Le argomentazioni difensive si sono spostate poi sulla figura di Domenico Caputo, uno degli imputati di “Valle dell’Esaro“, residente a Mendicino, attualmente incensurato. «Il collaboratore Presta ha sostenuto che il suo gruppo si era allargato su Cosenza e Mendicino? Ebbene, è stato già acclarato che a Cosenza esistono due clan: gli “zingari” e gli italiani. Il primo dedito al traffico di stupefacenti di tipo eroina (ma non solo) e l’altro alla commissione di reati contro il patrimonio. Mendicino non poteva essere senza alcun dubbio una “piazza” di spaccio e dal processo emerge un dato inequivocabile: Caputo non è partecipe di questa presunta associazione». A seguire sono intervenuti gli avvocati Michele Donadio e Mortati per le posizioni di Erik Grillo e Cristian Ferraro, per i quali è stata chiesta una sentenza assolutoria, ribaltando il teorema accusatorio grazie a quanto emerso nel processo che va esclusivamente nella direzione prospettata dalle difese.
La penultima discussione della prima giornata di interventi è stata quella dell’avvocato Pierluigi Pugliese, difensore di Giuseppe Ferraro, originario di Acri. «Al mio assistito viene contestato il fatto di avere avuto un debito di 10mila euro in relazione all’acquisto di droga dal gruppo Presta. Nessun elemento processuale può portare a questa conclusione, soprattutto quando viene escluso che Giuseppe Ferraro non percepiva alcun “stipendio” da parte della presunta associazione. E poi, signori del tribunale, ma che associazione è questa se permette al presunto partecipe di rivendere la sostanza stupefacente a un prezzo decisamente più alto rispetto a quello concordato per la vendita? In realtà, la procura sostiene che qui si tratta di “droga parlata“. Le conversazioni captate dagli investigatori non dimostrano neanche una cessione di sostanza stupefacente».
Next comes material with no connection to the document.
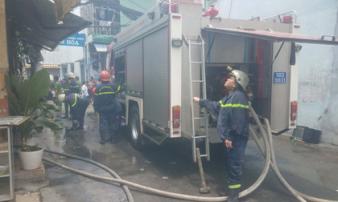 TP.HCM: Giải cứu thành công cụ ông 70 tuổi bị ngạt khói trong quán cà phê bốc cháy giữa trưa TP.HCM: Giải cứu thành công cụ ông 70 tuổi bị ngạt khói trong quán cà phê bốc cháy giữa trưa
Infine, ha discusso l’avvocato Aurelio Sicilia per le posizioni di Sonia Presta e Gianfranco Mariotta: «Non potevo mai immaginare, visto l’andamento del processo, che la pubblica accusa chiedesse la condanna per i miei due assistiti. Il dibattimento ha dimostrato la loro estraneità ai fatti». Le discussioni proseguiranno il prossimo 2 ottobre. Fissate anche altre due date: 4 e 11 ottobre. La sentenza sarà dunque emessa prima della fine dell’anno.